Special Delivery

"Him, being delivered by the determinate counsel and foreknowledge of God, ye have taken, and by wicked hands have crucified and slain:" (Acts 2:23)

Correlation and causation

It's almost as if Peter is saying that God the Father took Jesus as far as He could and then left it to those, the "men of Judaea" (2:14) to whom Peter spoke. I.e. everyone. Peter continues with "Whom God hath raised up, having loosed the pains of death: because it was not possible that He should be holden of it." (2:24) This is deep. It's almost as if, by analogy, you could say the Father led His Son up to the shore of the abyss in which Jesus set foot and was then pulled under by a current from which no one could hope to escape.

The Greek word "ekdotos" is translated in the top verse as "delivered". The plan of God in sending Jesus to die for our sin is multi-faceted and off the brilliance scale of humanity. That the Father would prepare a means of escape from the problem of sin in allowing the very vehicle through which sin entered this plane (i.e. the human body), be the one that carried its savior--is amazing.
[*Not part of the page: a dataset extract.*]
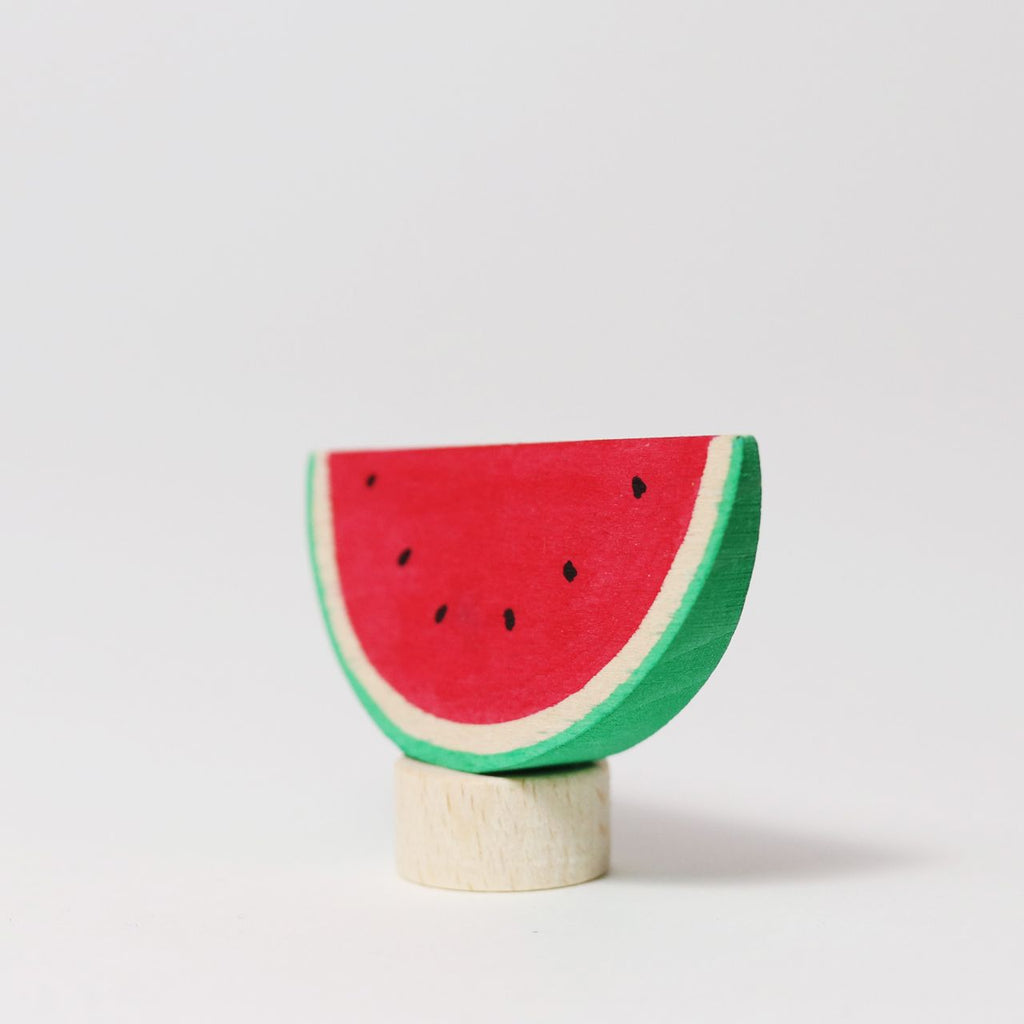 Grimm's Steckfigur Melone auf dem Festtagsring, Foto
This is the idea of "being delivered". It's different than this, though:

"Behold, we go up to Jerusalem; and the Son of man shall be betrayed unto the chief priests and unto the scribes, and they shall condemn Him to death, And shall deliver Him to the Gentiles to mock, and to scourge, and to crucify Him: and the third day He shall rise again." (Matthew 20:18-19, emphasis mine)

Be all, end all

The idea behind this "deliverance" is in the will of those who couldn't stand to see Jesus live day in and out doing the things He did. Shaming the system, freeing the captives, proclaiming the true God. They couldn't stand it and wanted Him dead--off this earth. Is it too simple to say that it just so happened that the two incidents of "deliverance" coincided with one another? While one could say that, the conclusion to which they've arrived is chock full of the aforementioned plan of God in which all the strings of time and space are wound tight and braided in ways only God sees and has access to. It's simple for Him. And special for us.